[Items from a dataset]
******

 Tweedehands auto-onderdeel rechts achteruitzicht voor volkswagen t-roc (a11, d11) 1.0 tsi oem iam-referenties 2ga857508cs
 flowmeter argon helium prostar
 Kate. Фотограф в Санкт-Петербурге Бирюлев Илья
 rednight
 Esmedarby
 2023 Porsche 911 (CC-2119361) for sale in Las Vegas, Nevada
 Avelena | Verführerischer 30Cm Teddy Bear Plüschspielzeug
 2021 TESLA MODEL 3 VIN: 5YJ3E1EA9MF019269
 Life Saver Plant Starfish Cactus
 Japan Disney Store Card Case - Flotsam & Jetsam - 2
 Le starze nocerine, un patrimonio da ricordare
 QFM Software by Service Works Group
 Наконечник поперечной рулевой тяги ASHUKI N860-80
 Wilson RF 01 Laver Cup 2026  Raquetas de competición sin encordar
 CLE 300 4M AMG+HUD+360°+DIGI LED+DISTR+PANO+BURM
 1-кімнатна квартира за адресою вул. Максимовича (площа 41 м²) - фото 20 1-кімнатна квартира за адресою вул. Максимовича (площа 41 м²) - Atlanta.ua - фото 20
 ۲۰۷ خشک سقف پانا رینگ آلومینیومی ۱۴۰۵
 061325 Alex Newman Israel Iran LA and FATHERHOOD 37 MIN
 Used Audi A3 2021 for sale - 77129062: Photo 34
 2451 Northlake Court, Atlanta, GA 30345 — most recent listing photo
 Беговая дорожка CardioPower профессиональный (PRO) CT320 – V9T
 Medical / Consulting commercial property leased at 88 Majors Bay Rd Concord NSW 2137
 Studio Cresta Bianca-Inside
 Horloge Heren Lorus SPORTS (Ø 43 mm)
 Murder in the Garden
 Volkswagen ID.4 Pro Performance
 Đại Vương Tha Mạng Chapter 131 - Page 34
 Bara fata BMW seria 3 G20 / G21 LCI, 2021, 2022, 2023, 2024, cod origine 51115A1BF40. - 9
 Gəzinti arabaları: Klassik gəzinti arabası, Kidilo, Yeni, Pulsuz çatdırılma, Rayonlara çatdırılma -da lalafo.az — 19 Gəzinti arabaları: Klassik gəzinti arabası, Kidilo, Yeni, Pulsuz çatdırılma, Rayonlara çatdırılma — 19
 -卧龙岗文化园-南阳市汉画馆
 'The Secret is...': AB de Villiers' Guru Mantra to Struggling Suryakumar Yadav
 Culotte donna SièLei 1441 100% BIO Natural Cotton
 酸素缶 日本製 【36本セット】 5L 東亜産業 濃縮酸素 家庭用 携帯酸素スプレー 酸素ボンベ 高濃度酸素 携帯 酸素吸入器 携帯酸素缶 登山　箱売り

******

> PROBLEM TO WORK ON
Each line of the data above must be restated word for word.

> EXERCISE RESPONSE
 Tweedehands auto-onderdeel rechts achteruitzicht voor volkswagen t-roc (a11, d11) 1.0 tsi oem iam-referenties 2ga857508cs
 flowmeter argon helium prostar
 Kate. Фотограф в Санкт-Петербурге Бирюлев Илья
 rednight
 Esmedarby
 2023 Porsche 911 (CC-2119361) for sale in Las Vegas, Nevada
 Avelena | Verführerischer 30Cm Teddy Bear Plüschspielzeug
 2021 TESLA MODEL 3 VIN: 5YJ3E1EA9MF019269
 Life Saver Plant Starfish Cactus
 Japan Disney Store Card Case - Flotsam & Jetsam - 2
 Le starze nocerine, un patrimonio da ricordare
 QFM Software by Service Works Group
 Наконечник поперечной рулевой тяги ASHUKI N860-80
 Wilson RF 01 Laver Cup 2026  Raquetas de competición sin encordar
 CLE 300 4M AMG+HUD+360°+DIGI LED+DISTR+PANO+BURM
 1-кімнатна квартира за адресою вул. Максимовича (площа 41 м²) - фото 20 1-кімнатна квартира за адресою вул. Максимовича (площа 41 м²) - Atlanta.ua - фото 20
 ۲۰۷ خشک سقف پانا رینگ آلومینیومی ۱۴۰۵
 061325 Alex Newman Israel Iran LA and FATHERHOOD 37 MIN
 Used Audi A3 2021 for sale - 77129062: Photo 34
 2451 Northlake Court, Atlanta, GA 30345 — most recent listing photo
 Беговая дорожка CardioPower профессиональный (PRO) CT320 – V9T
 Medical / Consulting commercial property leased at 88 Majors Bay Rd Concord NSW 2137
 Studio Cresta Bianca-Inside
 Horloge Heren Lorus SPORTS (Ø 43 mm)
 Murder in the Garden
 Volkswagen ID.4 Pro Performance
 Đại Vương Tha Mạng Chapter 131 - Page 34
 Bara fata BMW seria 3 G20 / G21 LCI, 2021, 2022, 2023, 2024, cod origine 51115A1BF40. - 9
 Gəzinti arabaları: Klassik gəzinti arabası, Kidilo, Yeni, Pulsuz çatdırılma, Rayonlara çatdırılma -da lalafo.az — 19 Gəzinti arabaları: Klassik gəzinti arabası, Kidilo, Yeni, Pulsuz çatdırılma, Rayonlara çatdırılma — 19
 -卧龙岗文化园-南阳市汉画馆
 'The Secret is...': AB de Villiers' Guru Mantra to Struggling Suryakumar Yadav
 Culotte donna SièLei 1441 100% BIO Natural Cotton
 酸素缶 日本製 【36本セット】 5L 東亜産業 濃縮酸素 家庭用 携帯酸素スプレー 酸素ボンベ 高濃度酸素 携帯 酸素吸入器 携帯酸素缶 登山　箱売り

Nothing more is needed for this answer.